Long story considerably shorter, we finally got a map printed out, found the car before we got a parking ticket, drove around Edinburgh for 3 hours trying to get out (the whole place was under construction. Not only were all the main streets blocked, but the open ones weren't labeled until half a block down the street. So you have no idea if you've made a wrong turn until there's no going back). James was a trooper. He only turned into oncoming traffic once.
Once we got out of the city (after consulting a whole pub full of drunk guys...bartender's idea, not ours), things looked up. We found a darling little place to stay where they got us even better maps and even served breakfast.
And what a breakfast it was. Let me explain. From the poached egg, moving clockwise, haggis (mostly lamb lungs), blood pudding (not my favorite), mushrooms, bangers, and bacon (more like ham). Holy high protein breakfast Batman! Usually, I'm all for trying new things, and I did, but I sure didn't get a sticker from the clean plate club that morning.
After a little more driving, we found that streets were no longer labeled at all.
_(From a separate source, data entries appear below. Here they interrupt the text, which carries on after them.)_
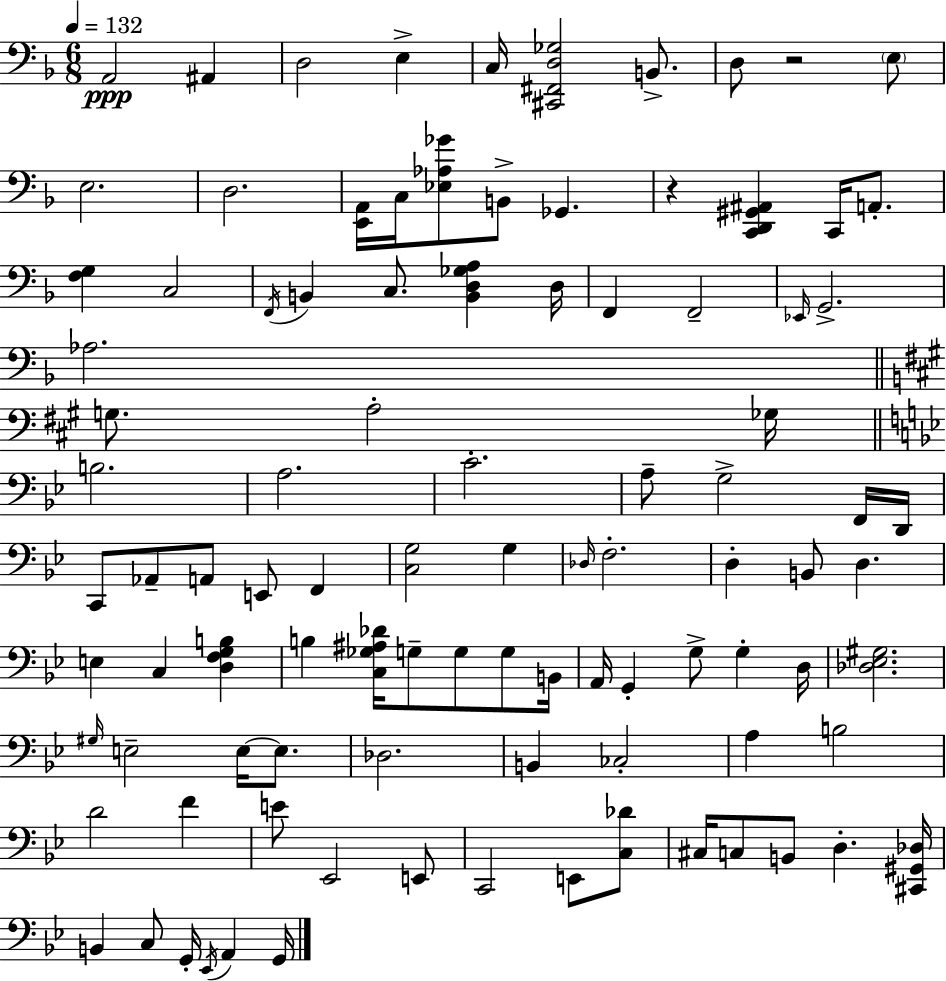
X:1
T:Untitled
M:6/8
L:1/4
K:F
A,,2 ^A,, D,2 E, C,/4 [^C,,^F,,D,_G,]2 B,,/2 D,/2 z2 E,/2 E,2 D,2 [E,,A,,]/4 C,/4 [_E,_A,_G]/2 B,,/2 _G,, z [C,,D,,^G,,^A,,] C,,/4 A,,/2 [F,G,] C,2 F,,/4 B,, C,/2 [B,,D,_G,A,] D,/4 F,, F,,2 _E,,/4 G,,2 _A,2 G,/2 A,2 _G,/4 B,2 A,2 C2 A,/2 G,2 F,,/4 D,,/4 C,,/2 _A,,/2 A,,/2 E,,/2 F,, [C,G,]2 G, _D,/4 F,2 D, B,,/2 D, E, C, [D,F,G,B,] B, [C,_G,^A,_D]/4 G,/2 G,/2 G,/2 B,,/4 A,,/4 G,, G,/2 G, D,/4 [_D,_E,^G,]2 ^G,/4 E,2 E,/4 E,/2 _D,2 B,, _C,2 A, B,2 D2 F E/2 _E,,2 E,,/2 C,,2 E,,/2 [C,_D]/2 ^C,/4 C,/2 B,,/2 D, [^C,,^G,,_D,]/4 B,, C,/2 G,,/4 _E,,/4 A,, G,,/4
We knew we were getting close though because there were signs with the name Affleck on them all over.
We talked to several locals and finally located Affleck Castle. Very well hidden, very much on private property. We got the owner's name and phone number. A Mrs. Fievey, described by her neighbors as "not exactly the most approachable person" and, "Oh, she's a horrible woman". James tried to call her a couple of times with no success. We finally decided that we had not come all this way to turn around and go home, so we did a bit of mild trespassing.
Here it is, Affleck Castle. The grounds were very nice, a few little cottages and outbuildings, peacocks, and a thick layer of dark mud. Someday, we hope to inherit it. At any rate, our quest was a success. We found the Holy Grail, so to speak, and brought home a rock to prove it.